(Image-caption web data)
________________________________________

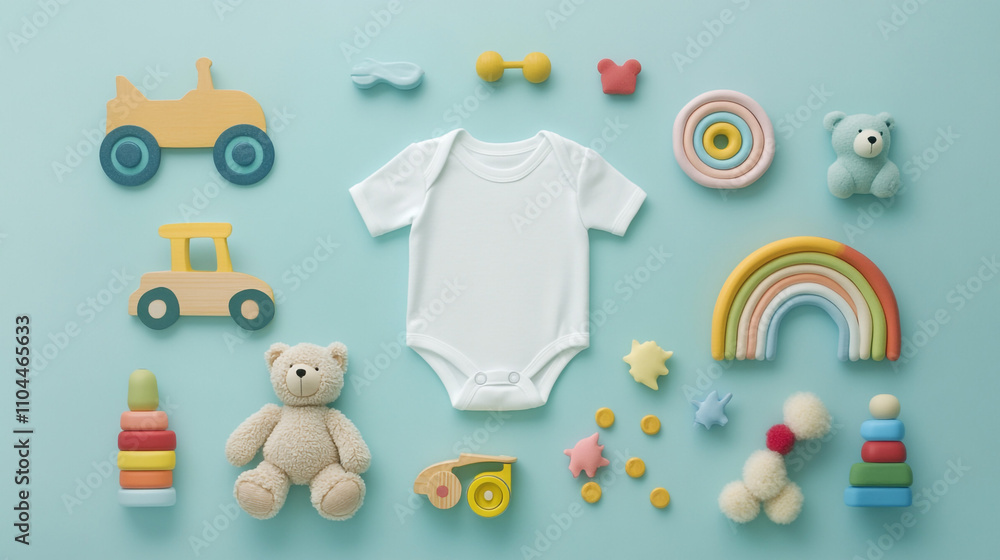 Baby Clothes Toys Flat Lay Adorable Newborn Bodysuit Wooden Playthings Pastel Rainbow Baby Clothes Toys Flat Lay Adorable Newborn Bodysuit Wooden Playthings Pastel Rainbow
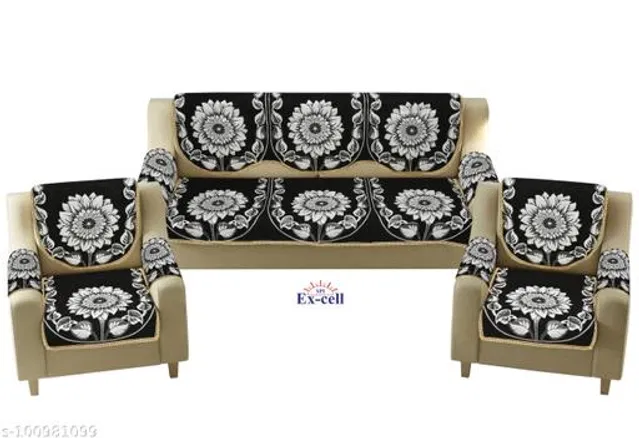 Polycotton 5 Seater Sofa Covers (Black, Set of 1)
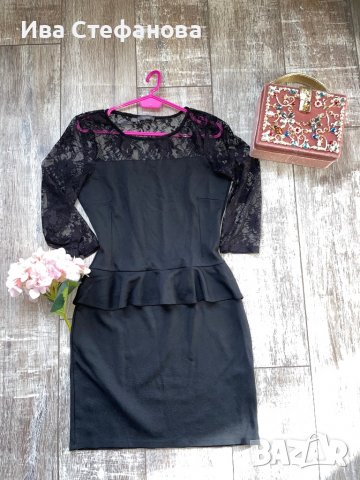 Страхотна нова черна еластична рокля с пеплум на талията , снимка 6 - Рокли - 37246305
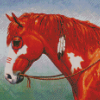 Red Native American Horse Diamond Paintings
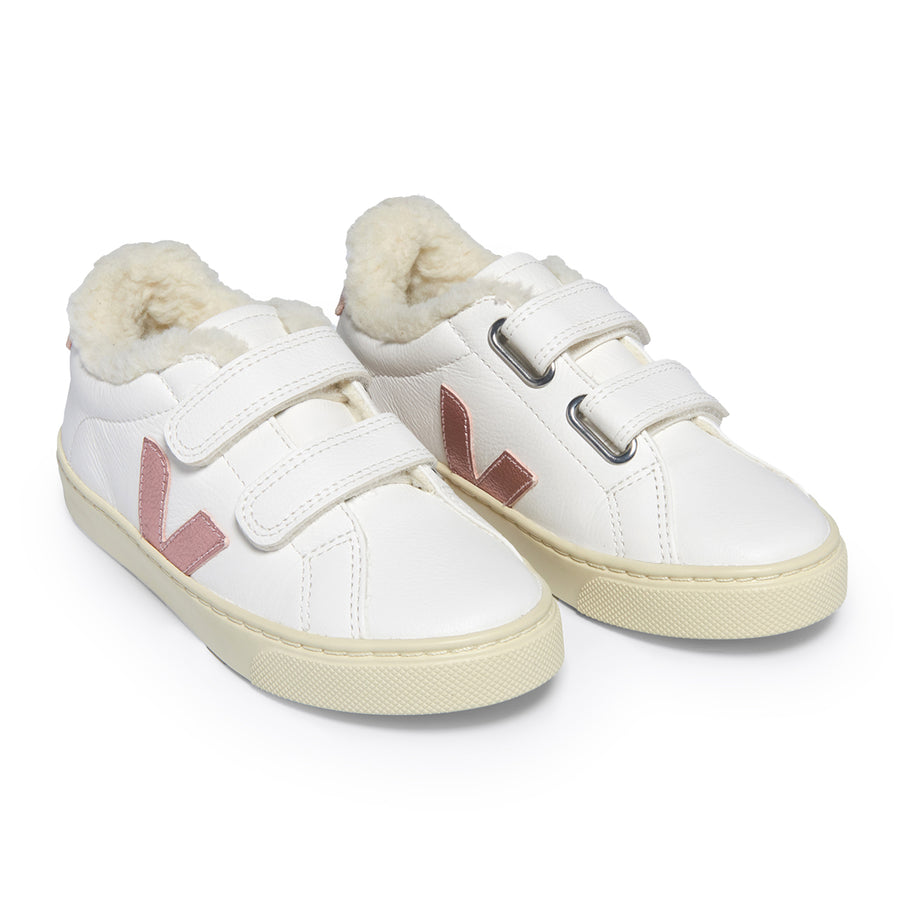 Esplar Winter White Nacre Faux Shearling Sneaker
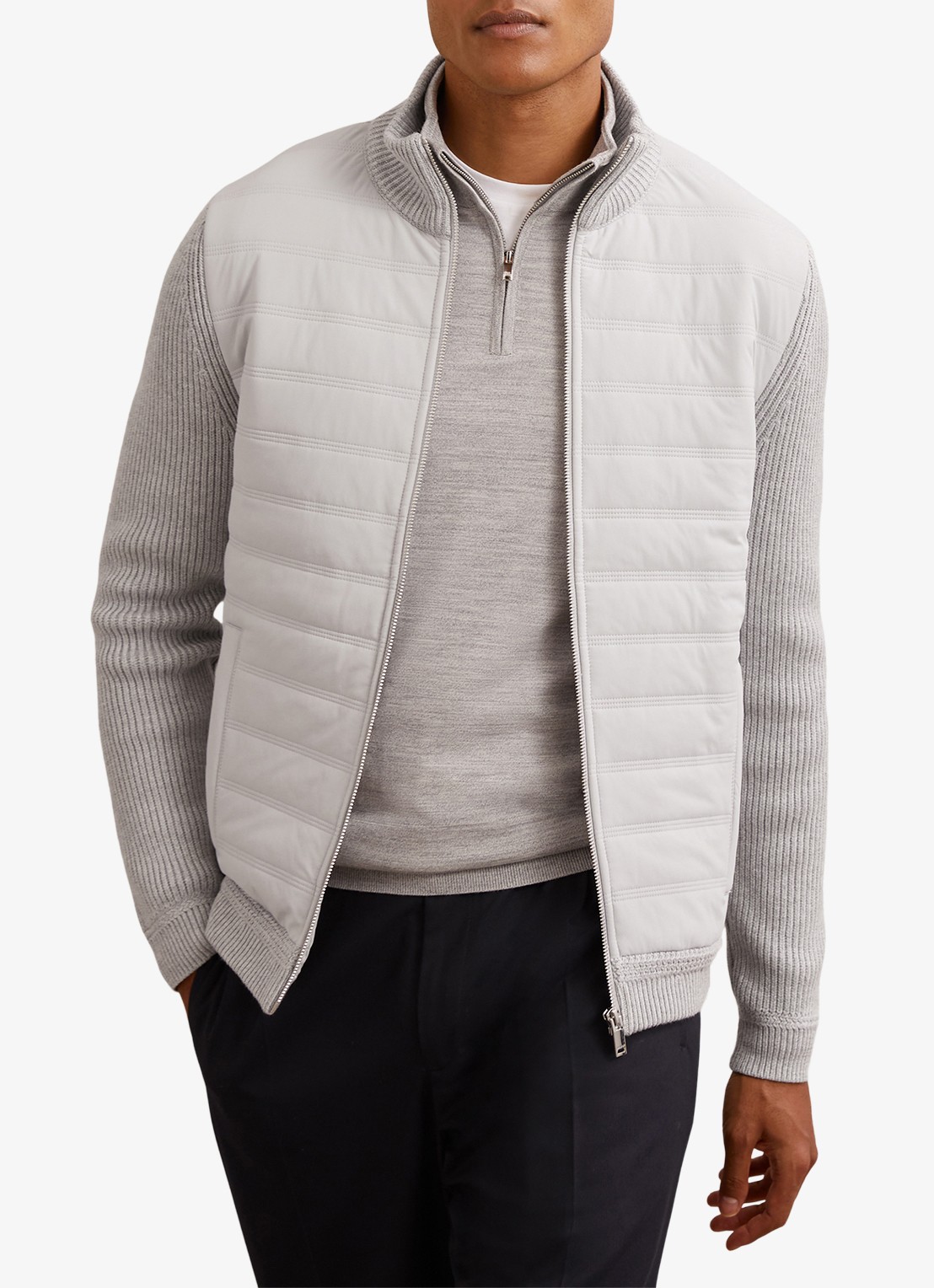 Reiss Townsend jack met quilt patroon - detail soft grey / grijs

________________________________________

## THE TASK
When you reach the line with "Polycotton 5 Seater" in the entries above, start copying, and go on word for word to the last line; skip any picture.

## TASK RESULT
 Polycotton 5 Seater Sofa Covers (Black, Set of 1)
 Страхотна нова черна еластична рокля с пеплум на талията , снимка 6 - Рокли - 37246305
 Red Native American Horse Diamond Paintings
 Esplar Winter White Nacre Faux Shearling Sneaker
 Reiss Townsend jack met quilt patroon - detail soft grey / grijs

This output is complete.